Traveling through time isn't really that difficult in a "Man I keep dying" sort of sense.
The whole thing is instead just tedious as hell. There are so many steps involved in time traveling and creating good futures that it takes a 3 minute level and it can make it a 8 or 10 minute level.
It's worse than hunting for a needle in a haystack, because when you finish with one haystack there's another one with the next needle in it, and another one after that. Pull up a chair and grind it out. There are no hints. Not really any direction. You just have to wander around enough until you find what you're looking for.

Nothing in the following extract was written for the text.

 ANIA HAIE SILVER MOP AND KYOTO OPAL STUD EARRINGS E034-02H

In some cases, like Wacky Workbench, the game actually tries to prevent you from creating a good future by hiding shit in illogical places that go against all practical game design conventions. In literally every other Sonic game, including later Sonic CD levels, you are taught what "crushers" are and that being crushed will instantly kill you and Wacky fuckin' Workbench takes that idea and goes, "Naw, letting yourself get crushed is the only way to get to the robot teleporter."
Go eat a dick, Wacky Workbench. Nobody likes you. Shit like this is why you weren't invited to the Christmas Party with all the other Sonic levels. Even Wing Fortress was invited, and nobody likes Wing Fortress. But you weren't.

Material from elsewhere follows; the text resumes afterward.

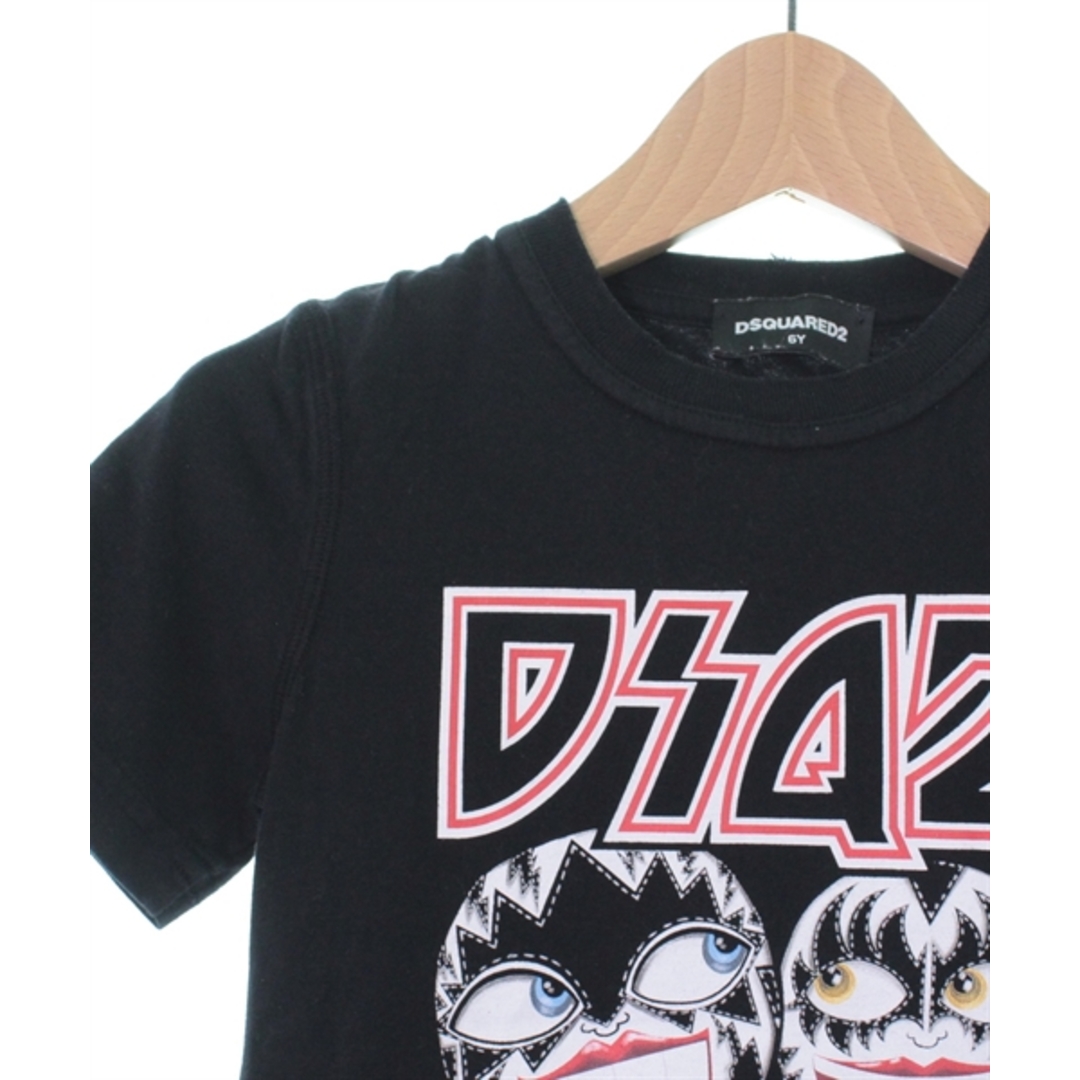 DSQUARED2(ディースクエアード)のDSQUARED ディースクエアード Tシャツ・カットソー 6Y/110 黒 【古着】【中古】 キッズ/ベビー/マタニティのキッズ服女の子用(90cm~)(Tシャツ/カットソー)の商品写真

Other complaints regarding Sonic CD's difficulty are unrelated to time travel for the most part. Dark10x put it better when he said it was more annoying than anything else; The game frequently puts enemies directly on the path the player is running on, meaning that unless you have the level memorized you're most likely going to run straight in to them.
Worse still, there's multiple places in Tidal Tempest where the flying wasp enemies are placed directly over the mouth of a chasm with springs at the bottom, so when you get sprung up there's a pretty good chance you'll collide with them when you're completely defenseless. That's not me being hyperbolic or theoretical; that's actually happened to me on multiple occasions. Everything seems timed so that the wasp badnik will be in precisely the correct position to collide with Sonic.
This gets even worse in later levels, when they start making springs travel back and forth on wheels and expect you to spring up a narrow shaft... that's surrounded by beds of spikes on the ceiling, so unless you thread the needle just perfectly you're going to take damage. No skill in avoiding those traps, only the foresight of memorization.
Quartz Quadrant is a different beast altogether; in a game that demands you frequently take things slow and carefully (as to not accidentally waste time travel energy before you can find a place with enough space for teleportation), they introduce rocks that drop from the ceiling and the only way to avoid them is to be running at full tilt. On top of that are conveyor belts which will severely impede Sonic's speed even if he is running full tilt.
Going back to Wacky Workbench, ignoring the whole "crushers that don't kill you, even though there are crushers in other parts of the game that do" logical fallacy, you have enemies that are basically 100% hidden until they pop out of the ceiling and hurt you.
"Memorization" is not "thinking". It is trial and error. While there's nothing wrong with a little trial and error in small, metered doses, Sonic CD uses it in anything but moderation. But, hey, to a certain degree, that's Sonic. It's a trait that became a pretty significant part of later Sonic games - especially the Sonic Advance and Sonic Rush games.
You just seem to be in denial of Sonic CD's flaws, SonicMegaDrive.